I dropped a 6x6 bull elk at 213 lasered yards. The bullet passed completely through the left front leg, entered the chest ad was recovered from under the hide on the off side. The near-side leg bone and section of rib were obliterated and a far-side rib was shattered. Three heavy bones, three layers of hide. The bull just stood there for a second and then tipped over.
The next day I busted a mulie buck at 197 lasered yards. It was a quartering away shot and a complete pass-thru. There was 6" of fresh snow on the ground and I've never seen so much blood leakage – it looked like someone had slopped blood from a 5 gallon bucket. Of course the “trail” only went a few feet...

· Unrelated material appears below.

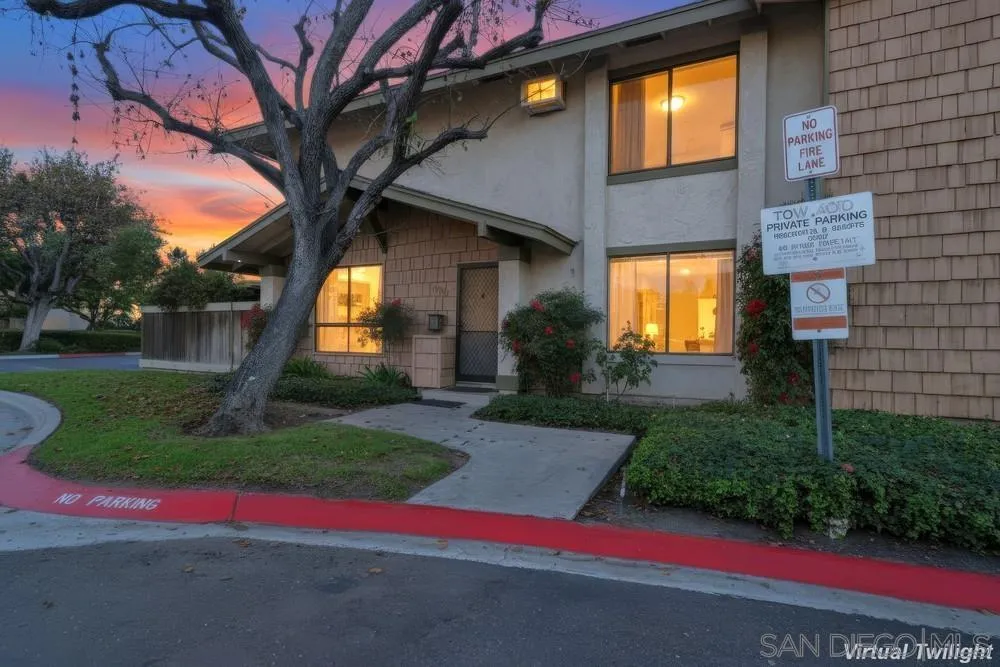 10781 Caminito Bravura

Both animals were taken with a 350g North Fork. One grizzly is down because of a 350g North Fork I sent to a friend in St. Michaels, AK. Lots of deer and elk are down because of 350g.
Apparently you are concerned that the 350g bullets will not expand because the “jacket is much too thick”?
May I point out that hardcast bullets don’t need to expand at all to work very, very well? Or that a non-expanded 350g bullet from a .45-70 is already the diameter of a .224” bullet that has expanded to double its original diameter and that .224” bullets have taken grizzly and polar bears, moose, elk and tons of deer?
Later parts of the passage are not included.